For SIMD breakdown / --precision overhead numbers, see the harness scripts under testdata/ (or paste the inlined repeat_bench.py / simd_bench.py / precision_bench.py from the T7-37 PR description).

FFmpeg lavfi performance harness¶

testdata/bench_perf.py runs the FFmpeg filter path used by the historical perf_benchmark_results.json snapshot. It is useful when the question is "how fast is FFmpeg decode/upload/filter end-to-end?" rather than "how fast is the vmaf CLI binary?"

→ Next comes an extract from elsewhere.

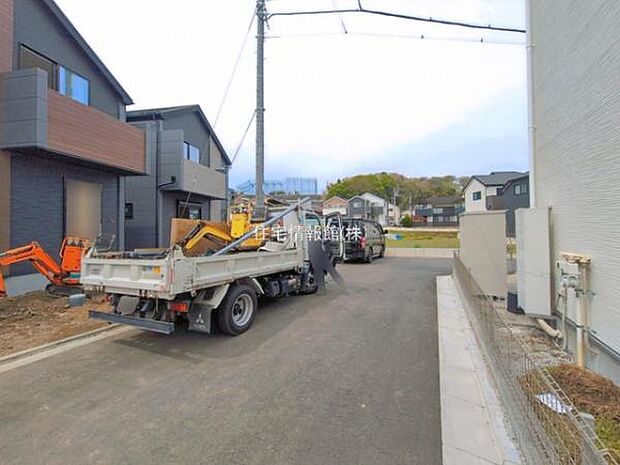 前面道路を含めた現地写真です。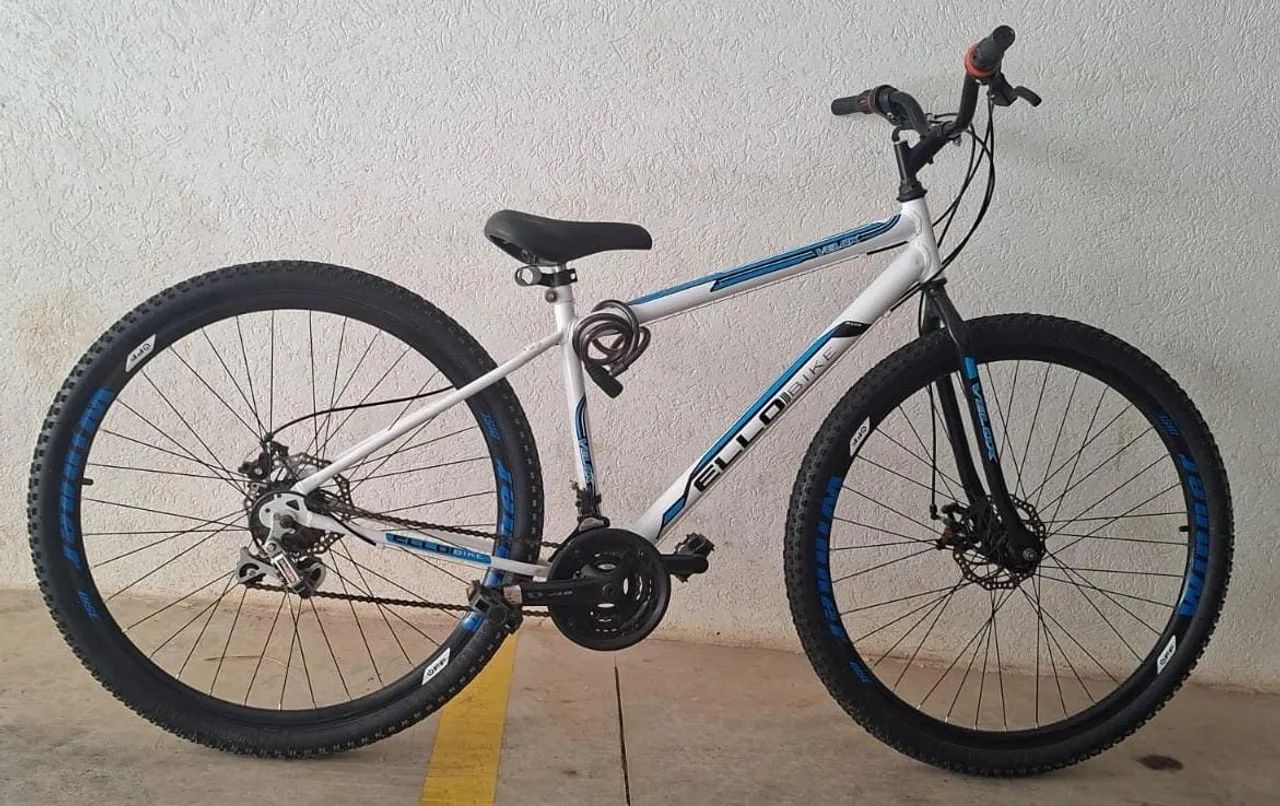 Bicicleta estado de nova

The harness is portable across checkouts:

python3 testdata/bench_perf.py \
    --ffmpeg /path/to/ffmpeg \
    --backend cpu \
    --backend cuda \
    --runs 3

Environment overrides are also supported:

Variable	CLI equivalent	Purpose
`VMAF_FFMPEG`	`--ffmpeg`	FFmpeg binary with the fork's libvmaf filters.
`VMAF_BENCH_RUNS`	`--runs`	Timing repetitions per backend.
`VMAF_BENCH_TIMEOUT_S`	`--timeout-s`	Per-run timeout.
`VMAF_BBB_MP4_REF`	`--bbb-mp4-ref`	Optional external BBB 4K MP4 for the decode+VMAF test.
`VMAF_SYCL_DEVICE`	`--sycl-device`	VAAPI render node used by the SYCL/QSV import path.
`VMAF_LD_LIBRARY_PATH`	`--ld-library-path`	Runtime library path for FFmpeg/libvmaf.

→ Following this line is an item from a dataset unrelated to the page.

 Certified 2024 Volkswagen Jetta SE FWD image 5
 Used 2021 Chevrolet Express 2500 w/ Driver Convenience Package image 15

The committed raw 4K BBB pair remains the required fixture. The 1080p raw pair and MP4 decode test are optional by default; pass --require-all when you want a strict lab run that fails on any missing configured input. Use --list-tests to audit fixture availability and --dry-run to print the exact FFmpeg commands without touching hardware.